START Supplied entries

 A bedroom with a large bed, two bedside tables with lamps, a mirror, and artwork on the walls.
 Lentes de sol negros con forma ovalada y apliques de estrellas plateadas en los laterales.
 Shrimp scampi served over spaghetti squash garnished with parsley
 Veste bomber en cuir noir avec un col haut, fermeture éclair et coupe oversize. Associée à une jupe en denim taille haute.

END Supplied entries
START Supplied entries

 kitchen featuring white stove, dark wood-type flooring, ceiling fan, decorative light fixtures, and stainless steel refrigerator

END Supplied entries

== Work task ==
Print again the lines of the entries above that fall between the line holding "A bedroom with" and the line holding "Shrimp scampi served", inclusive, exactly as they stand.

== Exercise solution ==
 A bedroom with a large bed, two bedside tables with lamps, a mirror, and artwork on the walls.
 Lentes de sol negros con forma ovalada y apliques de estrellas plateadas en los laterales.
 Shrimp scampi served over spaghetti squash garnished with parsley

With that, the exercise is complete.